Building a realtime server backend using the Orleans Actor system, Dotnet Core and Server-side Redux

A radically different web server architecture that turned my twenty years of experience in building websites upside down

Microsoft Orleans markets itself as “A straightforward approach to building distributed, high-scale applications in .NET”. Orleans offers an improved actor model that makes it possible to architect applications in a radically new way that is still undiscovered by most developers.

This is the third and final part of a series about an exploration of modern web application architecture, RROD (for React, Redux, Orleans and Dotnet Core). For the introduction, see here.

Microsoft Orleans Distributed Virtual Actor System

I have worked with Microsoft Orleans for about two years now. It has taken me quite some time to understand how to use it. Now that I do, I never want to go back to traditional web server architecture. I built my first “database-driven website” in 1995, and helped build many more in the years after that, but a lot of the knowledge that I built over those years I consider now deprecated. Actor systems turn traditional web server architecture completely upside down: instead of getting all the data to the webserver and executing the logic there, distributed actor systems execute the logic where the data is. An Actor system makes sure that every data element / actor object lives in only one place (one machine in the cluster), so there is no duplication of data, which simplifies things dramatically. Actor objects run in a single thread, simplifying things even further. Finally, Actors can call or notify other actor objects of changes, effectively pushing data, through a graph of actor objects, to the user.

Once you understand how an actor system works, the whole idea of gobbling data together to render a page on the webserver by executing database queries, mapping to objects, caching data, dealing with conflicts caused by data duplication, locking, and doing that over and over again for every web request, seems very cumbersome. Web servers do an awful lot of complex data manipulation that can be avoided completely when using the Actor model.

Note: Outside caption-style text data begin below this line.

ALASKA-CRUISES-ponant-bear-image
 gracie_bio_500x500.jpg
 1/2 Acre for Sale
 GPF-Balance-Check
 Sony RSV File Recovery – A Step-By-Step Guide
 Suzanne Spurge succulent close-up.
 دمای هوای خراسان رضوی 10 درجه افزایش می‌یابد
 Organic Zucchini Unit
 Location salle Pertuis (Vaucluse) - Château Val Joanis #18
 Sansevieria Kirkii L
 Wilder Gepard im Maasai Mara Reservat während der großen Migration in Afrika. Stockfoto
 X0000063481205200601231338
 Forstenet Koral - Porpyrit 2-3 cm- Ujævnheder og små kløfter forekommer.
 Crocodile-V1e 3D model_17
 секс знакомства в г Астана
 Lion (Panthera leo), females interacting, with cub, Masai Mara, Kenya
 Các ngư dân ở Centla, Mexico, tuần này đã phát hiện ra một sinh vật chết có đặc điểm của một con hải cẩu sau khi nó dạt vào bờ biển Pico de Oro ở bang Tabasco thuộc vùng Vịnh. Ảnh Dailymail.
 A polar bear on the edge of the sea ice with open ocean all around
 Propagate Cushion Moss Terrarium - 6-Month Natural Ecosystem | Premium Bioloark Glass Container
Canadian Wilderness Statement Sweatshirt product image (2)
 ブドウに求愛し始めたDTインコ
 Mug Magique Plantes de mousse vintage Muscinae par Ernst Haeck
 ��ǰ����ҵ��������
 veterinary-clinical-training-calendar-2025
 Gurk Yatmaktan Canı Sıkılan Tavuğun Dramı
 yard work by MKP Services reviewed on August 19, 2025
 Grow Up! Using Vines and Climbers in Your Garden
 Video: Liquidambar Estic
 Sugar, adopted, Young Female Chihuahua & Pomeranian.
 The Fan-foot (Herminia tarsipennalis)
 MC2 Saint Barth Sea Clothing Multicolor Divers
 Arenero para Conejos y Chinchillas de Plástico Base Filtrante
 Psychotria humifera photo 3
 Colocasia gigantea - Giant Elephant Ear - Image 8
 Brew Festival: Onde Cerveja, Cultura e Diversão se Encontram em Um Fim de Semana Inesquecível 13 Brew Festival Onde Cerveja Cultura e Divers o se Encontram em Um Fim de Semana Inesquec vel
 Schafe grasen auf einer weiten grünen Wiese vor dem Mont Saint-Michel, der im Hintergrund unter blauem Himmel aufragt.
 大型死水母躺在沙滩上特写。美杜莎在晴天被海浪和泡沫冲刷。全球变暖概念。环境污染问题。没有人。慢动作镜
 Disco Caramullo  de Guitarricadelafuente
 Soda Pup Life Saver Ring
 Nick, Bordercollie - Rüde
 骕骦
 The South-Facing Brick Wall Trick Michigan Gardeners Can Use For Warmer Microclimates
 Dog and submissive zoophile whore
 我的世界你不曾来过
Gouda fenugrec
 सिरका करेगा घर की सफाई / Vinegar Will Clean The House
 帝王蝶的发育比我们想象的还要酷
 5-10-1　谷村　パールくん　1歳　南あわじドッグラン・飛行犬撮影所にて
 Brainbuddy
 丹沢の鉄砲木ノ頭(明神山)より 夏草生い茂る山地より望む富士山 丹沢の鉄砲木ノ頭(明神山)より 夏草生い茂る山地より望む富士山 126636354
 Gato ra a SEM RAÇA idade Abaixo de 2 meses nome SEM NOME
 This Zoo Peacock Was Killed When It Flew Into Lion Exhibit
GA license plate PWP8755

Actor or Grain? The original Microsoft Orleans developers have opted to not overload the term Actor for their implementation, as it is deliberately different from the original Actor Model definition and they probably wanted to avoid an academic turf war. Orleans uses the term “Grain” to indicate a virtual actor. I use both terms interchangeably.

Microsoft Orleans Basics

This project is about modern application architecture, based on Dotnet Core. Microsoft Orleans is a large codebase, that is used for running some big projects inside and outside Microsoft. The current version runs on the .NET 4.5 Framework. It makes heavy use of binary serialization and it uses Windows API’s to manage memory and CPU load. This makes it non-trivial to create a cross-platform Dotnet Core version. But the people working on the Orleans project are very capable and work on the Dotnet Core-compatible version 2.0 has progressed steadily. The second pre-release came out recently. I am using this preview version in this project.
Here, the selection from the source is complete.